Antes de entrar en el libro de Sebastián Borensztein, recordemos algo de historia. Alfred Rosenberg tuvo un deshonroso final. Una vez concluidos los juicios de Núremberg, él y otros once jerarcas nazis fueron condenados a muerte por sus crímenes de guerra. Nueve murieron en la horca, entre ellos, Rosenberg . Martin Bormann fue condenado in absentia; Hermann Göring eligió suicidarse el día anterior al día de la ejecución. Hitler lo había hecho un año antes, junto con su mujer Eva Braun; lo mismo Joseph y Magda Goebbels. Pero volviendo a Rosenberg, cuya personalidad antipática y modos pedantes eran motivo de rechazo hasta para sus mismos correligionarios, este hombre que nació en lo que es hoy Estonia, fue el ideólogo de la política racial del Tercer Reich y uno de los que tenía a cargo los aspectos de la vida cultural de la Alemania nazi.
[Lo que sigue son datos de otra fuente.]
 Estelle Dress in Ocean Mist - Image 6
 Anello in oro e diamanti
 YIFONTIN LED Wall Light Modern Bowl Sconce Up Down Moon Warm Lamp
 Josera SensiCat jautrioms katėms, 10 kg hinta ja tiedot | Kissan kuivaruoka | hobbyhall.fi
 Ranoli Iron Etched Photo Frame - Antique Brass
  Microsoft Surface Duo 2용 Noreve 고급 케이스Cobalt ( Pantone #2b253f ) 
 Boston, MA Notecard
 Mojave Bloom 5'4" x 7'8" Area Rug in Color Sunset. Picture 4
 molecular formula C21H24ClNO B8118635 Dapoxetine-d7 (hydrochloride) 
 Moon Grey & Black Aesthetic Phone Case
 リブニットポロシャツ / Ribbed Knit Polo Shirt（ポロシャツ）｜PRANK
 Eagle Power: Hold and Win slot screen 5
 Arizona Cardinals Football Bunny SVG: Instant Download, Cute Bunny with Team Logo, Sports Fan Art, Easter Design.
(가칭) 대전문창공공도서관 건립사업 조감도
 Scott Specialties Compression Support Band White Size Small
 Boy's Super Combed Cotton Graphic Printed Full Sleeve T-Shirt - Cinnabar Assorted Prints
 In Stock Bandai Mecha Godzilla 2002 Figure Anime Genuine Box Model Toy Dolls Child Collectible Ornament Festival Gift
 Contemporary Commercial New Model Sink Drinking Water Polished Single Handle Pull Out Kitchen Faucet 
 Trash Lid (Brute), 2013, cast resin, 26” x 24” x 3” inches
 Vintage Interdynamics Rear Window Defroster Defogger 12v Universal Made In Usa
Hasta aquí, la historia.
Ahora, la ficción. Alberto Rosenberg, el “Ruso”, es un joven judío del barrio de Mataderos, vástago de la única familia judía de ese barrio, hijo del shojét, es decir, el rabino que faena los animales según las normas kashrut. Huérfano desde muy joven, Alberto es enviado a un orfanato. En sus frecuentes escapadas del lugar, descubre el tango, y decide convertirse en cantor. A los 35 años, ya con una familia a cargo y frustrado por no brillar en el mundo tanguero, decide abandonar el canto para trabajar con su suegro en el rubro textil.
Con su experiencia como guionista, Sebastián Borensztein combina hábilmente lo histórico y lo ficticio en El ruso, su primera novela. Borenztein inserta a este singular personaje porteño en un submundo de espionaje, de nazis y de drogas, y lo catapulta a una misión que parece, además de imposible, sumamente riesgosa: infiltrarse en las esferas más altas del régimen nazi para provocar su caída. La excusa: los supuestos vínculos familiares entre los dos Rosenberg y la fascinación que el tango producía en la Europa de 1939.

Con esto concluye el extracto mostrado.